DATA EXTRACTS section start

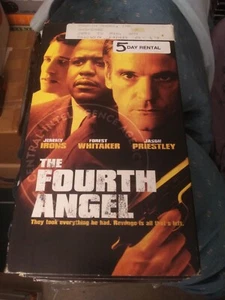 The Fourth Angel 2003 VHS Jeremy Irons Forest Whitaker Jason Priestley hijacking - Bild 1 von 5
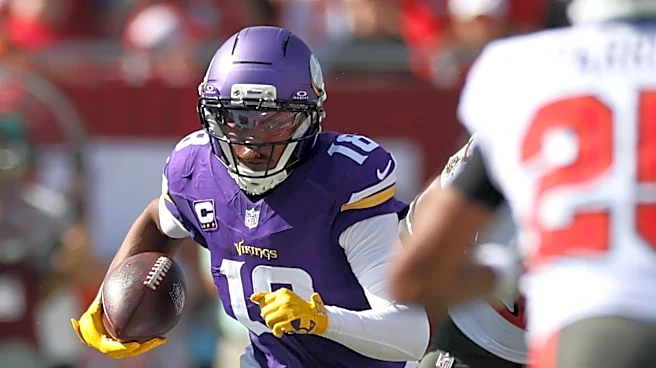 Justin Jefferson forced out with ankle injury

DATA EXTRACTS section end
DATA EXTRACTS section start

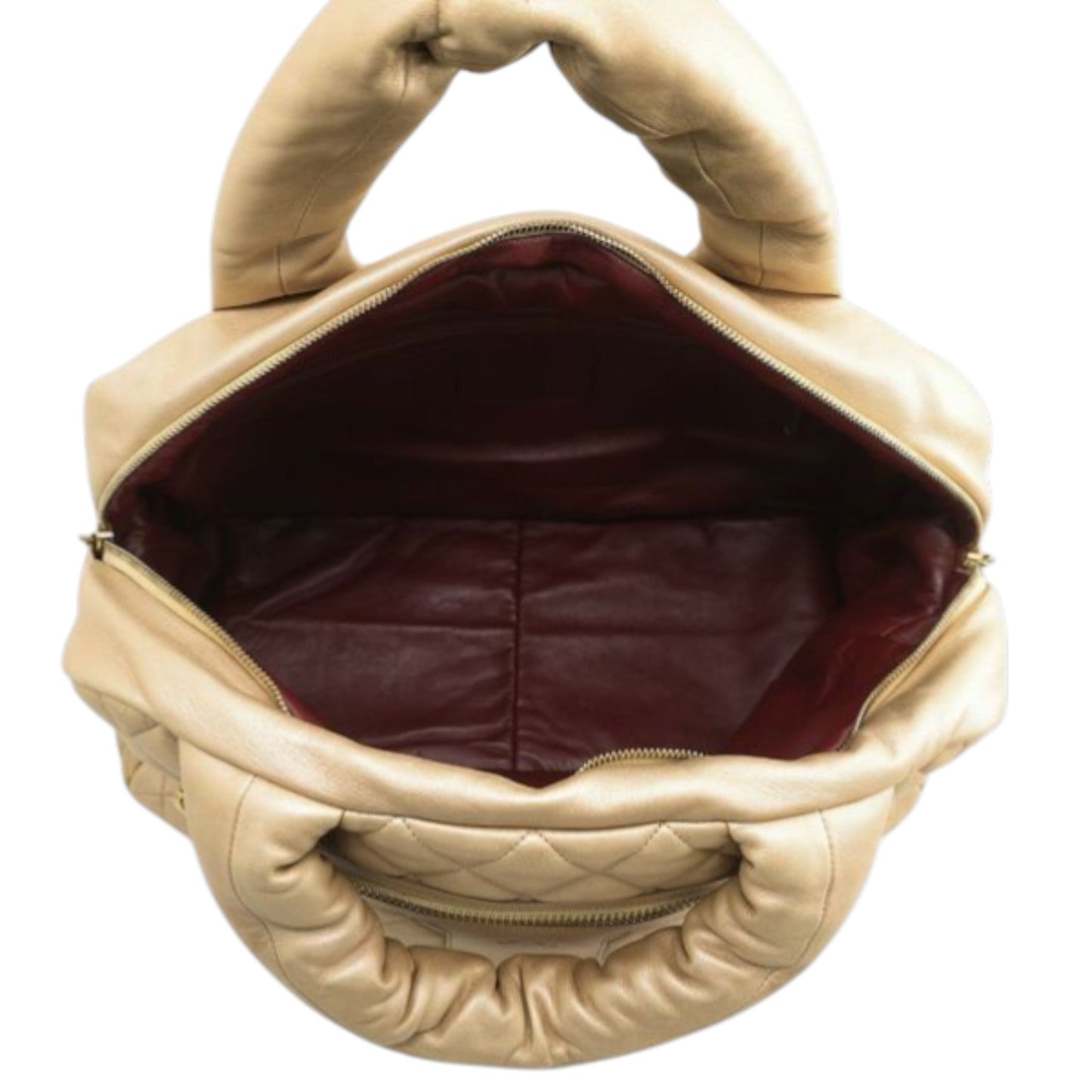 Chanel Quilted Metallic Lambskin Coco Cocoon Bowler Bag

DATA EXTRACTS section end
DATA EXTRACTS section start

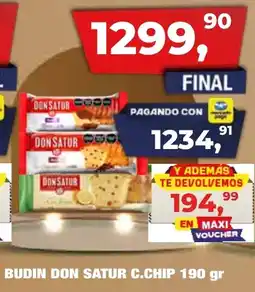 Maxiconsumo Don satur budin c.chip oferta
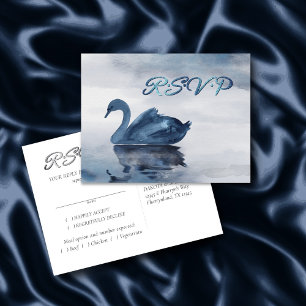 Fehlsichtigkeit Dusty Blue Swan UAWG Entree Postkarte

DATA EXTRACTS section end

Write out again exactly the lines above from the one with "The Fourth Angel" through the one with "Justin Jefferson forced", adding no other lines and no pictures.

 The Fourth Angel 2003 VHS Jeremy Irons Forest Whitaker Jason Priestley hijacking - Bild 1 von 5
 Justin Jefferson forced out with ankle injury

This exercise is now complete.